O anúncio místico da necessidade de um retorno, promove o caráter dúbio da realidade concreta do que vemos na tela do cinema. Nesse sentido, o filme procura transitar entre uma realidade material e as projeções dos dramas ali envolvidos, mesmo que sem nunca expor exatamente qual a objetividade de algumas sequências que procuram pincelar a personalidade do personagem central. Por outro lado, “O Tubérculo” é um constante exercício de transição, isso porque para além da projeção e da materialidade, existe um esforço de encontrar uma musicalidade na narrativa, normalmente em sequências onde existe um caráter espiritual envolvido. E talvez esse seja o entrave que o filme tenha dificuldade em superar, ter a consciência de onde partem e para onde vão esses dois universos que parecem coexistir o tempo inteiro. De alguma forma, é como se uma áurea espectral pairasse diante de toda a construção, por outro, existem inúmeras tomadas que procuram contextualizar a região, em forma de repetição cotidiana, onde seguimos um objeto específico, por caminhos particulares, mais de uma vez.

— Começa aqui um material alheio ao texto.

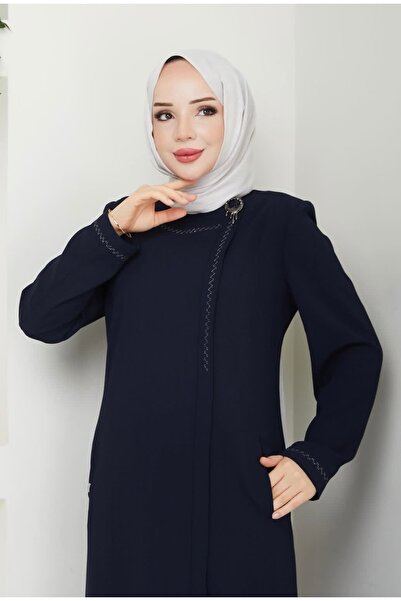 Deryam Tekstil Krep Kumaş Pardesü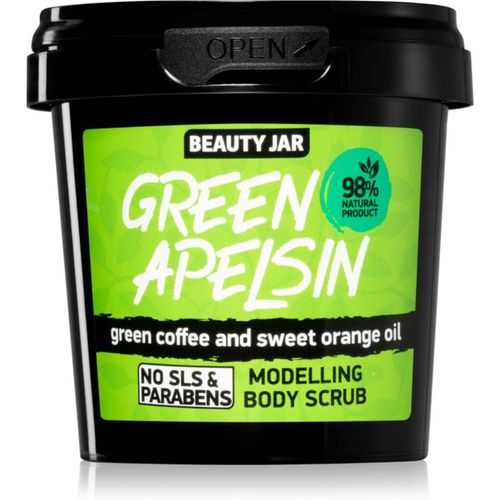 Green Apelsin belebendes Bodypeeling mit Auszügen aus Kaffee 200 g - Beauty Jar - Modalova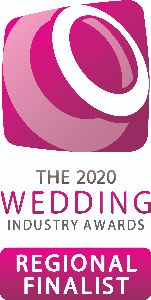 Wedding Industry Awards - Regional Finalist 2020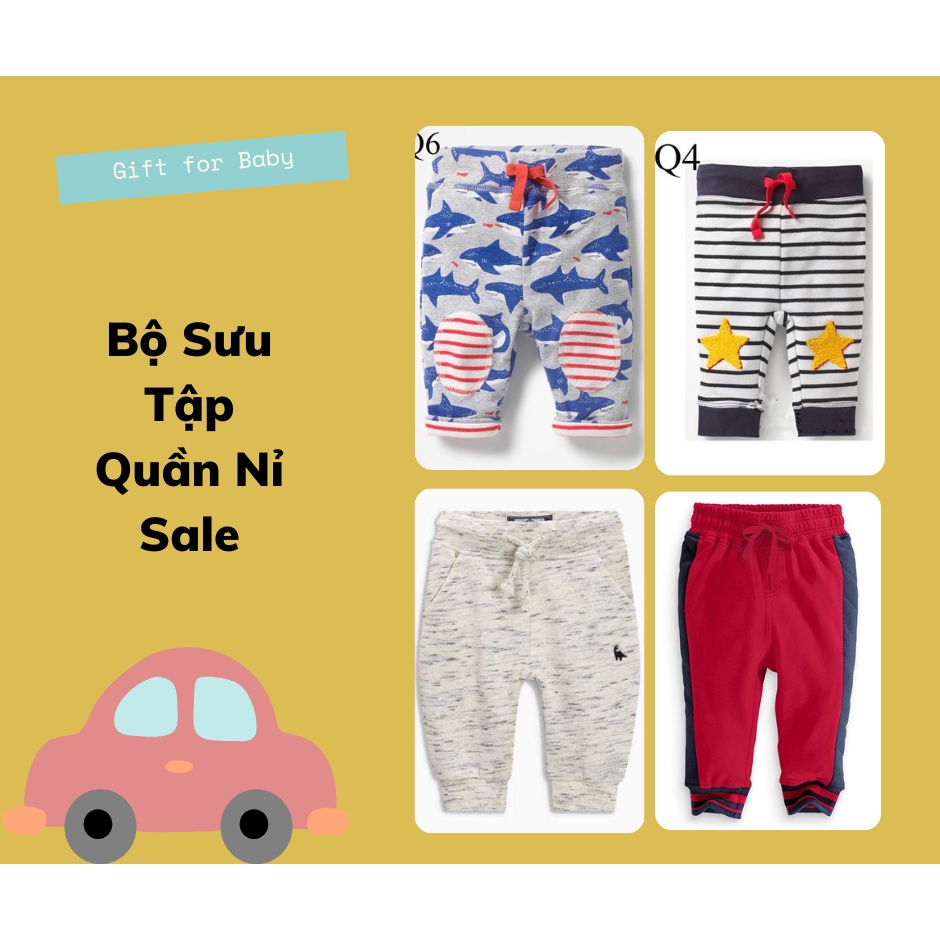 Quần Nỉ Sale Sốc Cho Bé Trai P2 - Jumping Beans Official Store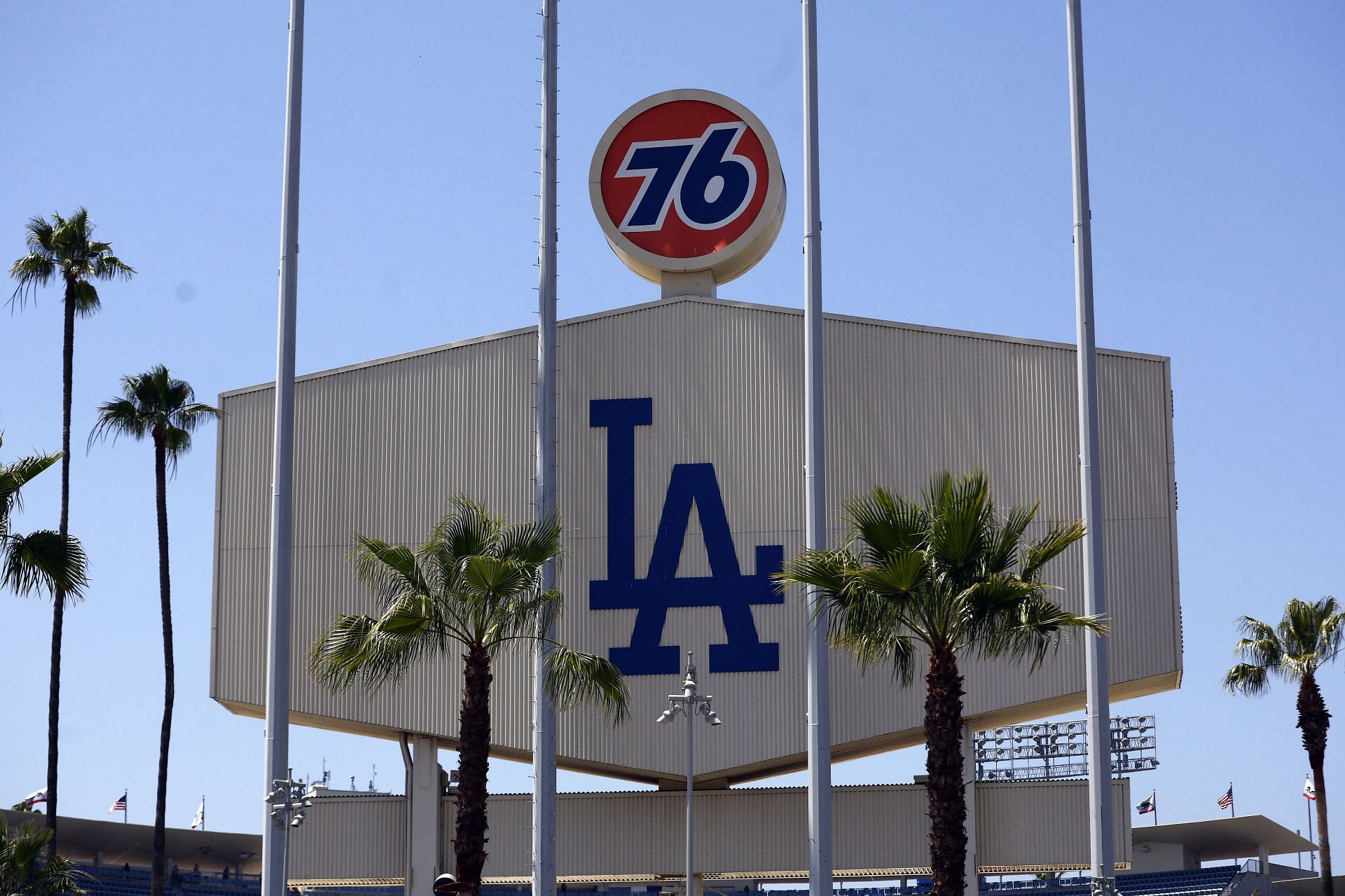 Arizona Diamondbacks v Los Angeles Dodgers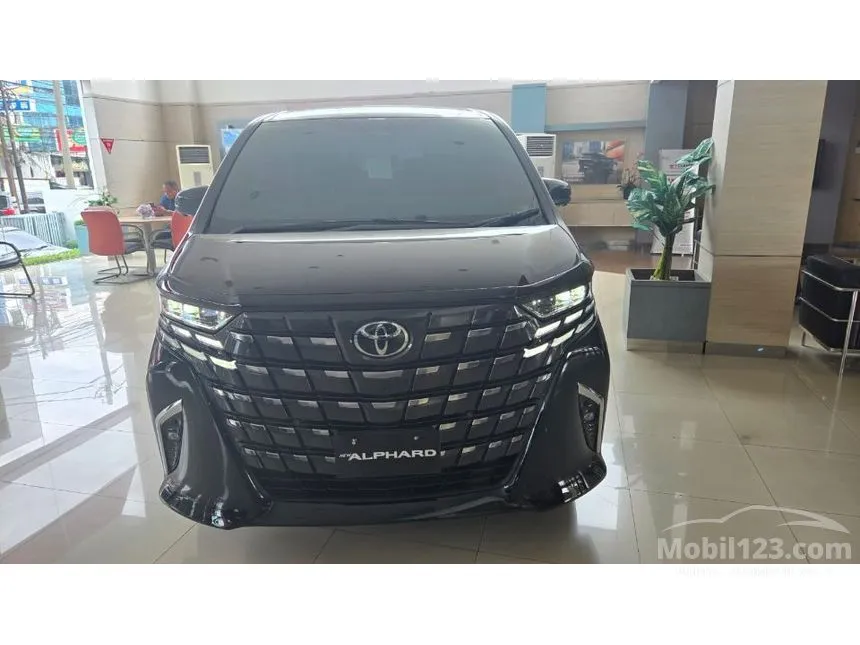 Jual Mobil Toyota Alphard 2025 HEV (Non Premium Color) 2.5 di Jawa Barat Automatic MPV Hitam Rp 1.733.000.000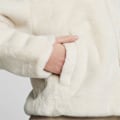 Miniatyrbillede 2 af 2: Puma Select Soft Fleece Sweatshirt Med Lynlås Hvid S Kvinde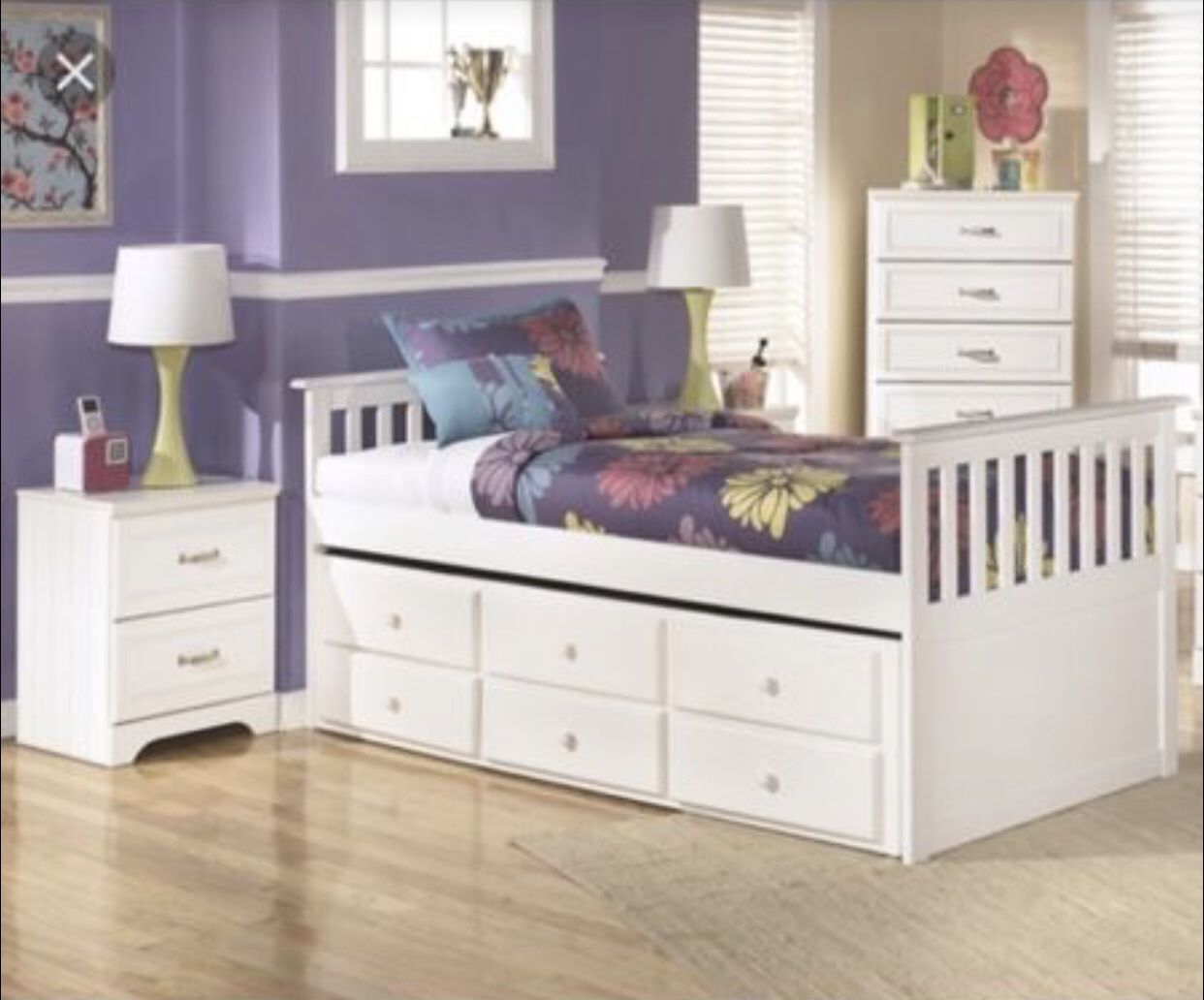 Twin Trundle Bed frame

Nesse transe “O Tubérculo” soa indeciso, ou sem um propósito para além da linguagem, pois justamente por não conseguir um ponto fixo para sua representação, essa frequente transição bambeia. Mesmo que isso implique em momentos interessantes, como o plano do cavalo voando ou a postura de assumir uma espécie de ironia quanto ao próprio filme, no diálogo entre os dois homens na natureza. Mas parte desse funcionamento, está na fotografia, assinada por Rodrigo Sousa e Sousa e Rafael Neri Martins Ferreira, que conseguem criar uma ambientação tão íntima, quanto macabra e cômica, fazendo com que o projeto possua uma multifacetação dentro de uma narrativa que tem essa proposta patológica-familiar.
Uma característica pouco programática e que adiciona um ar distinto para o longa, é que existe um reforço constante de uma certa identidade cultural, seja através dos planos regionais ou pela música, criando uma ambientação que não se permite estancar pelo assunto particularmente mórbido e trágico (ainda que os diretores assumam tratar-se de um “filme feliz”). Outro traço de “O Tubérculo” é sua obsessão por animais, urubus e cavalos especialmente, o que reforça um ponto de apoio do projeto nesse caráter mítico de algumas passagens, funcionando como uma espécie de observadores passivos, permitindo analogias com parte do desenvolvimento do filme, e claro, a passagens das três advogadas que “profetizam” ao mesmo tempo uma diretriz dessa estrutura narrativa. Essa estrutura com características próprias de uma “mitologização”, permanece majoritariamente em um campo epistemológico, transitando nessa campo de reflexões e ideias, sem conseguir exatamente uma passagem para a ontologia, e esse é o entrave do filme. Pois quanto mais avançamos na progressão e não vemos um objetivo concreto nesse campo de imagens, com caráter épico em determinados momentos, mais nos perdemos em um campo de linguagens que pouco tem a oferecer como proposição de debate em si. Talvez por essa razão, a recepção do projeto foi tão dividida após a exibição na Tenda. É muito menos sobre a possibilidade de interpretação e mais sobre uma articulação limitada entre os universos que são apresentados.
De alguma forma, “O Tubérculo” procura ser um longa inventivo em sua forma e, sem dúvida, marca presença pela sua produção ter sido realizada em Super 8. Contudo, a permissividade hermética, com sua lógica epistemológica, faz com que exista uma certa inacessibilidade desse “filme feliz” que está diante do espectador. E quanto mais refletimos sobre a obra, mais nebulosa ele parece, estancando as sensações de que há uma trilha sendo formulada e permitindo que possamos intuir que há um fluxo instável de ideias perpassando a tela.